A typical parent’s conundrum has become a nationwide concern as soaring obesity rates, especially among children, have become a national health crisis. According to a former Coca-Cola Co. executive speaking Thursday at a public health conference on soda, the answer lies in healthy food producers developing emotional attachments to their product the way Coke has.
Todd Putnam spent nearly four years marketing the sugary drinks that are blamed in part for the nation’s poor health and lately have been targeted by elected leaders, including New York City Mayor Michael Bloomberg and his proposed regulations on soda portion size.
Other restrictions on marketing for children are under consideration, but Putnam said blame falls in part on marketers of more nutritious foods for allowing “eat your vegetables” to become an unsavory notion.
“Healthy food is doing a sucky job,” Putnam said in an interview. “So it’s not just blame this on the soda marketers. … They have an accountability and a responsibility, but so does healthier fare and they’re not doing a good job.”

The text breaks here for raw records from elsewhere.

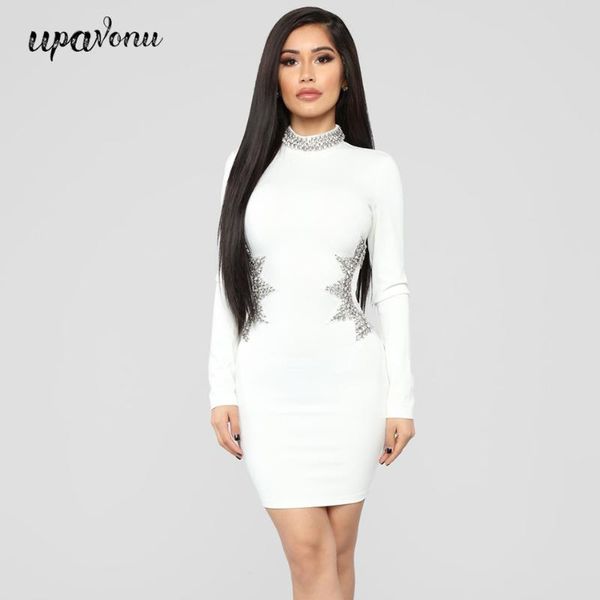 casual dresses 2021 fall women's white bandage dress elegant stand collar long sleeve club party bodycon beaded vestidos, Black;gray
casual dresses 2021 fall women's white bandage dress elegant stand collar long sleeve club party bodycon beaded vestidos, Black;gray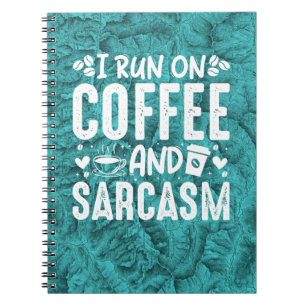 Coffee Sarcasm Topographic Map Blue Notebook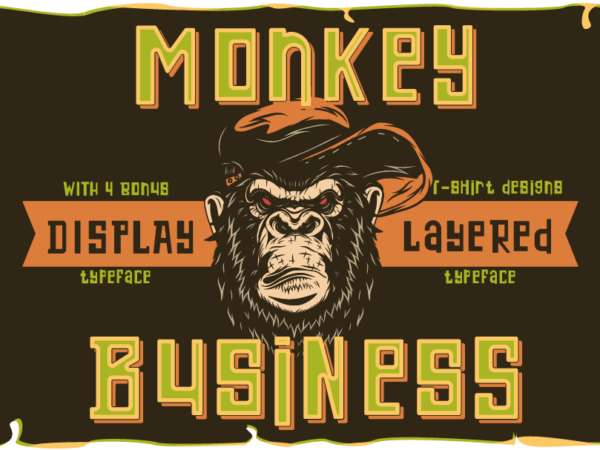 Monkey business font and 4 t-shirt designs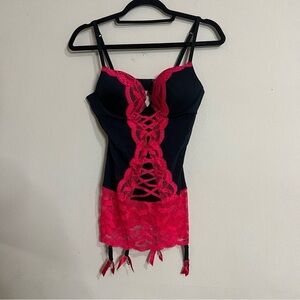 Black and Pink Lace Lingerie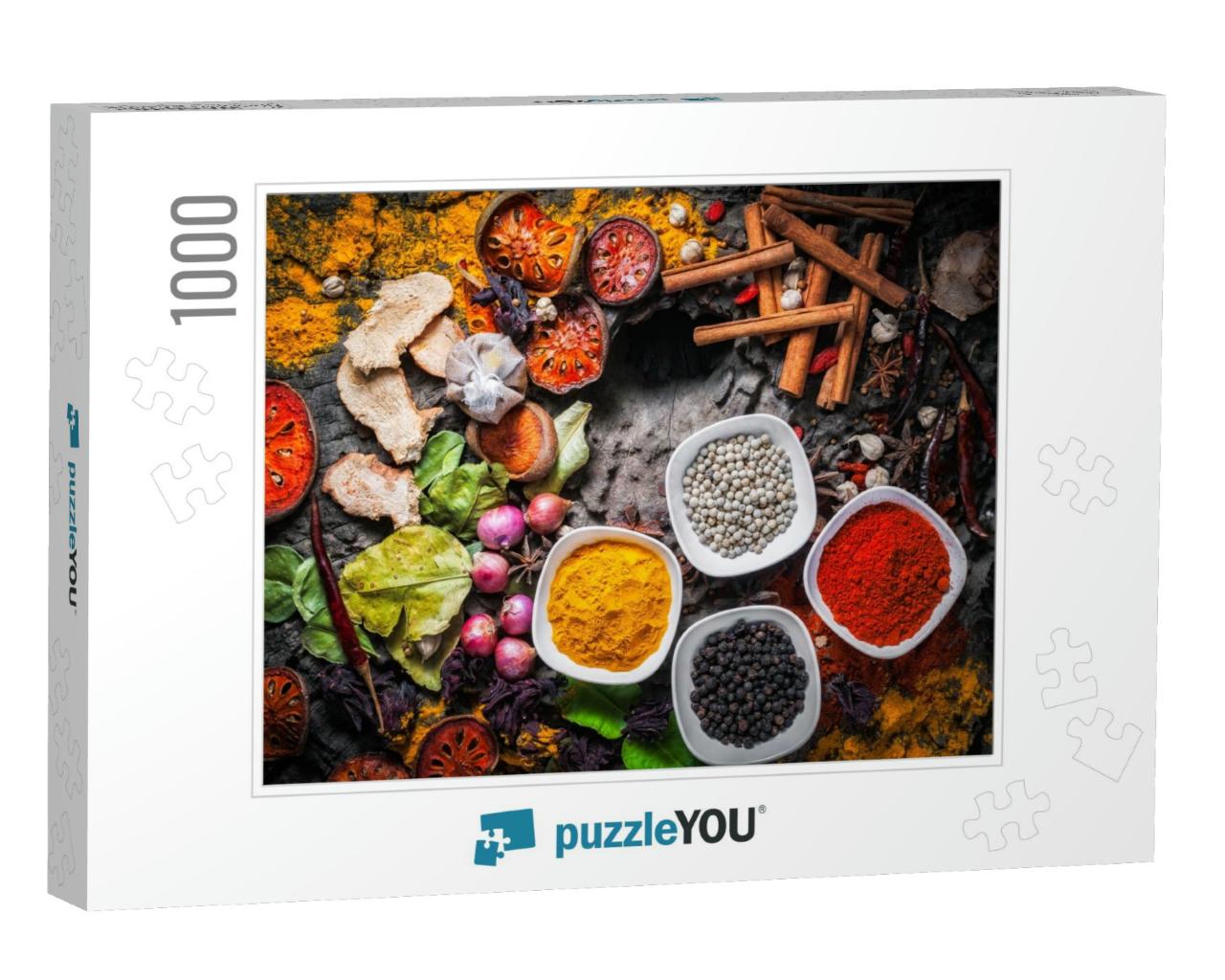 Selection of Spices Herbs & Ingredients for Cooking, Food... Jigsaw Puzzle with 1000 pieces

Putnam proposed better in-store branding and marketing for healthy foods to rival the dazzling displays of soda and chips. Television ads and viral Internet videos are a must. He said the “Got Milk” campaign is an example of an effective effort for a healthy product.
Putnam spoke at the National Soda Summit, a conference put on by the Center for Science in the Public Health Interest featuring panels and speeches from lawmakers and academics on how to combat the country’s addiction to carbonated sugar water.

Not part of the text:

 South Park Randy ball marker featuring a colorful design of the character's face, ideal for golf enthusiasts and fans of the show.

From 1997-2000 Putnam worked at Coca-Cola, serving as head of U.S. marketing for carbonated beverages and later as vice president for innovation for the Coke brand.
He did not attack his former employer for its marketing tactics, even while blaming its products for contributing to Americans’ obesity. Instead he encouraged healthy food industries to recruit marketers and spend more on promoting their product, acknowledging the vegetable industry probably cannot match soda’s billions-strong marketing budget.

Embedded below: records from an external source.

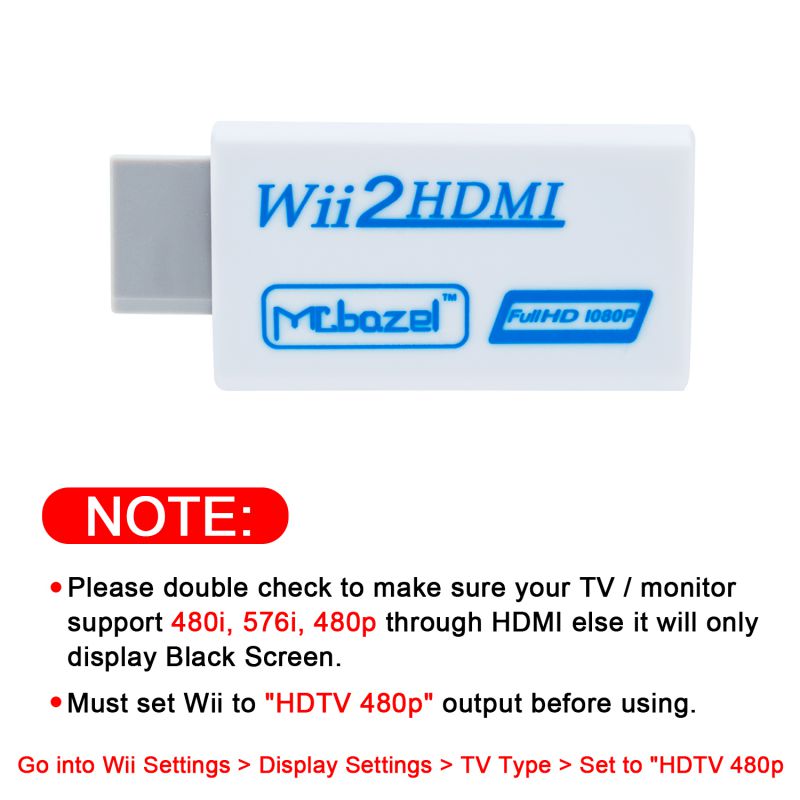 Wii To HDMI Converter Supports all Wii display modes (NTSC 480i 480p, PAL 576i)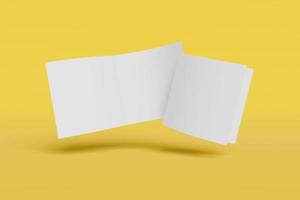 Two Mockup square booklet, brochure, invitation isolated on a yellow background with soft cover and realistic shadow. 3D rendering. photo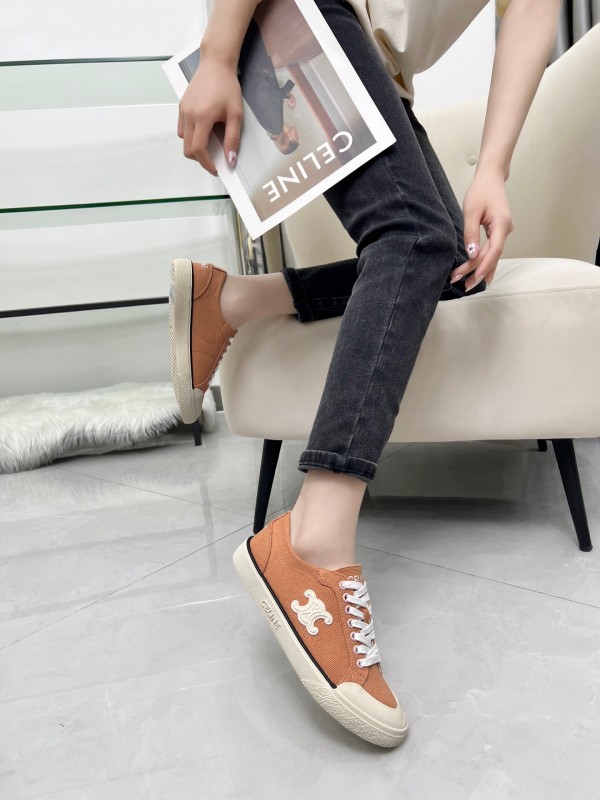 2025 Women Celine Apricot Canvas Sneakers LY00210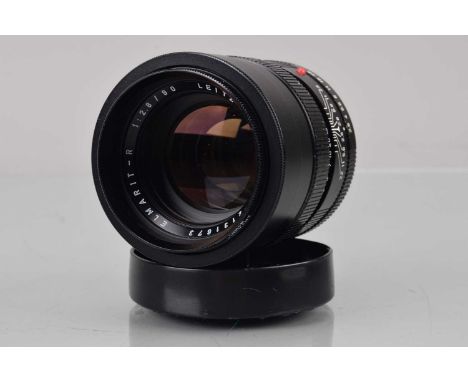 A Leitz Wetzlar Elmarit-R 90mm f/2.8  Lens, serial no 2131973, 1965, single CAM, barrel G, some light paint wear, elements VG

Putnam, now a marketing consultant, showed the crowd a cheeky marketing campaign he helped develop for baby carrots. The television ads are satires of spots for Mountain Dew or Hardee's: a woman shooting carrots out of a gun at a man flying off a cliff in a rocket-powered shopping cart; a woman eating her carrots sensuously to the sound of a Barry White-style narrator.
The tagline: “Eat ‘em like junk food.”